Born in Moneyneany, County Londonderry, Northern Ireland, Scullion attended the local St Eoghan's Primary School, before going to secondary school at St Colm's, Draperstown. After a further year at Magherafelt Technical College, he went on to work as a labourer for 13 years.
Tony's son Anton Scullion, 20 years old, is studying Accountancy in the University of Ulster Jordanstown and achieved top in his course in the academic year 2017–18. He is looking to follow in his father's footsteps, saying in the Derry Post: "I hope to achieve a championship medal with my County like Da and go one step further by winning a John McGlaughlin with my club." Anton is currently a key figure in the Ballinascreen Senior squad; however, he also believes his true calling is in NBA and professional gaming.

 He now works as Football Development Officer for the Ulster Council.

Football career
Scullion was a late developer and never played minor football for Derry.
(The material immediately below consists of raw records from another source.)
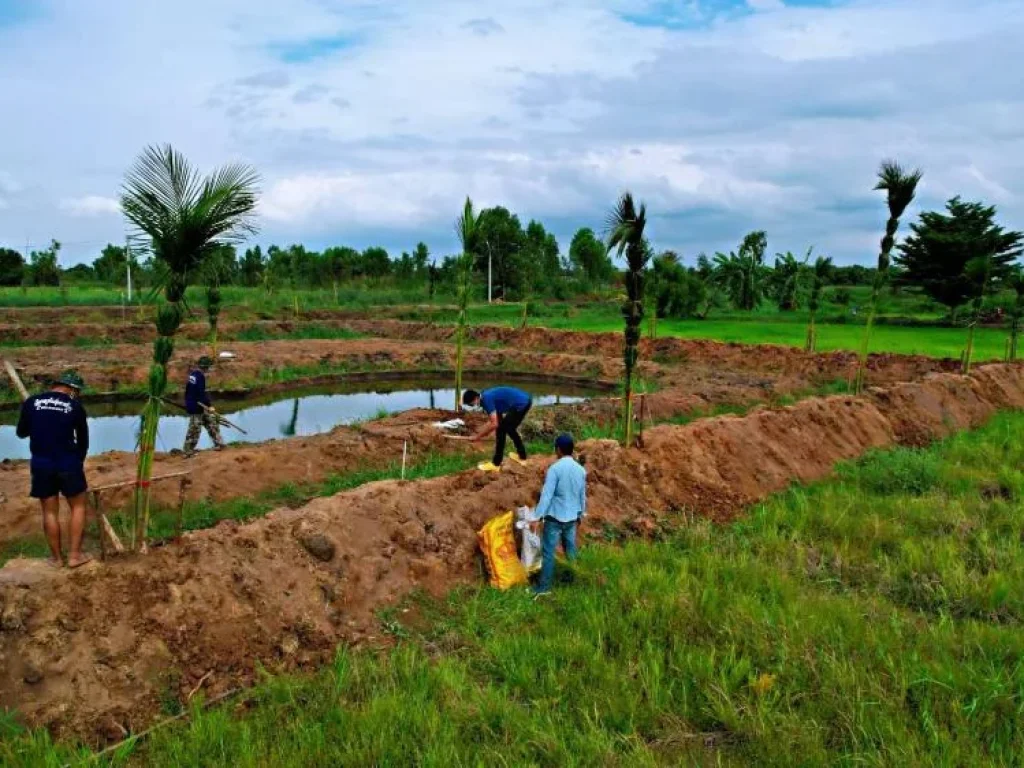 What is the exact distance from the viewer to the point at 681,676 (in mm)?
5188

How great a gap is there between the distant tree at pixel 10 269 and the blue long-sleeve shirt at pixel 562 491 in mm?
60321

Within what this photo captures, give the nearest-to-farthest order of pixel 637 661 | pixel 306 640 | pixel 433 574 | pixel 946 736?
pixel 946 736
pixel 637 661
pixel 306 640
pixel 433 574

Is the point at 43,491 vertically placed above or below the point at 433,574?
above

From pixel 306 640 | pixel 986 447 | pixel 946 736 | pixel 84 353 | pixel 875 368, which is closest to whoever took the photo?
pixel 946 736

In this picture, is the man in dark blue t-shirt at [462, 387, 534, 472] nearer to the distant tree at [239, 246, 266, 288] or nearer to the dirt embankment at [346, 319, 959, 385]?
the dirt embankment at [346, 319, 959, 385]

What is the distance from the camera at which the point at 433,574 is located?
6.99m

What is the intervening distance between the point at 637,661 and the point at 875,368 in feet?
74.9

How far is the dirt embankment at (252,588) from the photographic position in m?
5.00

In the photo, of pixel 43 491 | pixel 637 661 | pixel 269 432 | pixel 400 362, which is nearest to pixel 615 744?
pixel 637 661

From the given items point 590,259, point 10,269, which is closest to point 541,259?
point 590,259

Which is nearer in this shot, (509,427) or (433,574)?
(433,574)

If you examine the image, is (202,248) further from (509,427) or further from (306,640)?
(509,427)

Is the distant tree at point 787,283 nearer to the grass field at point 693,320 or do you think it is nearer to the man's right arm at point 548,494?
the grass field at point 693,320

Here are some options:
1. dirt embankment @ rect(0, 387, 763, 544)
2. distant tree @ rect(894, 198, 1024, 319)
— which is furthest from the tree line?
dirt embankment @ rect(0, 387, 763, 544) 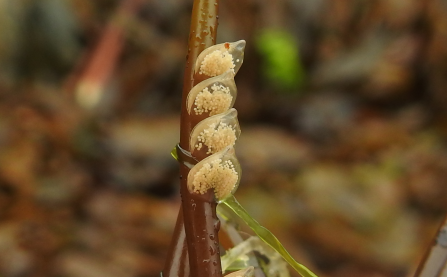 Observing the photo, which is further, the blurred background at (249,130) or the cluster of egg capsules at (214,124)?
the blurred background at (249,130)

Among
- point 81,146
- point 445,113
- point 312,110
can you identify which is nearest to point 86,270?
point 81,146

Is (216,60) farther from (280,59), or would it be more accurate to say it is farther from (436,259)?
(280,59)

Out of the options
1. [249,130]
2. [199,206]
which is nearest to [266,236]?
[199,206]

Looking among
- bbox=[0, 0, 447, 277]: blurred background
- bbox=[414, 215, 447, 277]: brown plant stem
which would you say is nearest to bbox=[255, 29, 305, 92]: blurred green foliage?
bbox=[0, 0, 447, 277]: blurred background

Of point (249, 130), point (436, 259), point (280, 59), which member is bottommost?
point (436, 259)

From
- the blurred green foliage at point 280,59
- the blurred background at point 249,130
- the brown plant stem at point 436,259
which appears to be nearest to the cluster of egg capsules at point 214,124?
the brown plant stem at point 436,259

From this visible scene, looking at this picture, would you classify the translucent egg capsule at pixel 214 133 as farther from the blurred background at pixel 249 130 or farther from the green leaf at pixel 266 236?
the blurred background at pixel 249 130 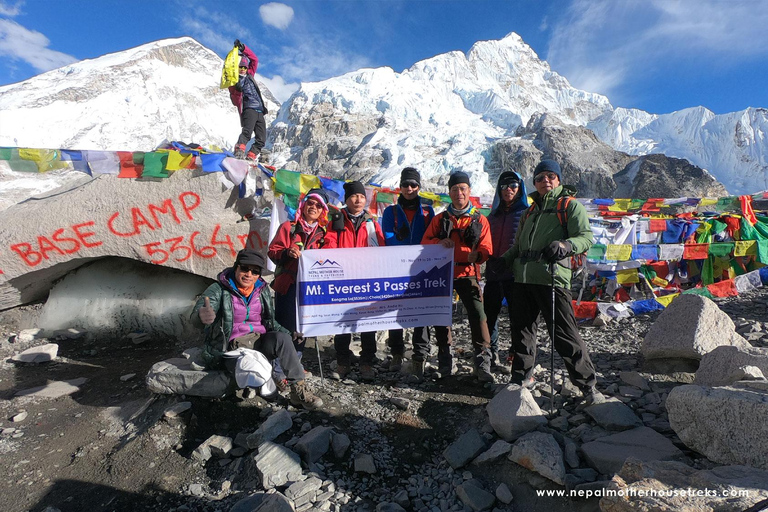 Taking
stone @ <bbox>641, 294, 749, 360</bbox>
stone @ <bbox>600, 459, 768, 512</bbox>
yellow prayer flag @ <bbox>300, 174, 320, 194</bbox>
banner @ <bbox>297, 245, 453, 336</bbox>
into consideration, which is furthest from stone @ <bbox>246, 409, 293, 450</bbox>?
stone @ <bbox>641, 294, 749, 360</bbox>

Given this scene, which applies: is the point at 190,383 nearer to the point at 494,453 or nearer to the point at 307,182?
the point at 494,453

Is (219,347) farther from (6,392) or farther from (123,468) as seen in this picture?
(6,392)

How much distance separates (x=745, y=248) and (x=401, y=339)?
7.39 metres

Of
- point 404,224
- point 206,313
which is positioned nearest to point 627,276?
point 404,224

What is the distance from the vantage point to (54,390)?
371 centimetres

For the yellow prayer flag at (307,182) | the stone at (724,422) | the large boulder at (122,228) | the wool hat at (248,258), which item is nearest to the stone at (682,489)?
the stone at (724,422)

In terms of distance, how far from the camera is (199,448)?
2660 mm

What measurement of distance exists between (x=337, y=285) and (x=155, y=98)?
11392 cm

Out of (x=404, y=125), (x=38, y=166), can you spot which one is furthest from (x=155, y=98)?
(x=38, y=166)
He was asked into the U-21 team in his last year.
The side went on to win the U-21 1983 Ulster Championship and went on to be runners up to Mayo in the All-Ireland Under-21 Football Championship after a replay.

Playing at full-back, Scullion was man of the match in both the 1987 and 1993 Ulster Senior Football Championship finals. Derry defeated Donegal in the 1993 decider in torrential rain at Clones and he is famed for his diving block in the match. Derry went on to win the 1993 All-Ireland Championship after a semi-final victory over Dublin and final defeat of Cork.

With Derry, Scullion also collected three National Football League medals in 1992, 1995 and 1996.

Scullion (like Derry Team-mate Anthony Tohill) won four GAA All Stars Awards (a record for an Ulster defender, in 1987, 1992, 1993 and 1995 (despite Derry only playing two games that year).

Along with Armagh's Martin McQuillan, Scullion won an incredible six consecutive Interprovincial Championship/Railway Cup medals with Ulster between 1989 and 1995. Only one other player ever won six Railway Cups in a row - Cork's Christy Ring.

He was runner up on three occasions for Ballinascreen in the Derry Senior Football Championship.

Hurling career
Scullion was also a keen hurling for both Ballinascreen and Derry. He played in five Derry Senior Hurling Championship finals and was man of the match in the 1989 final, despite never winning a final. He played for the Derry hurling team between 1983 and 1991.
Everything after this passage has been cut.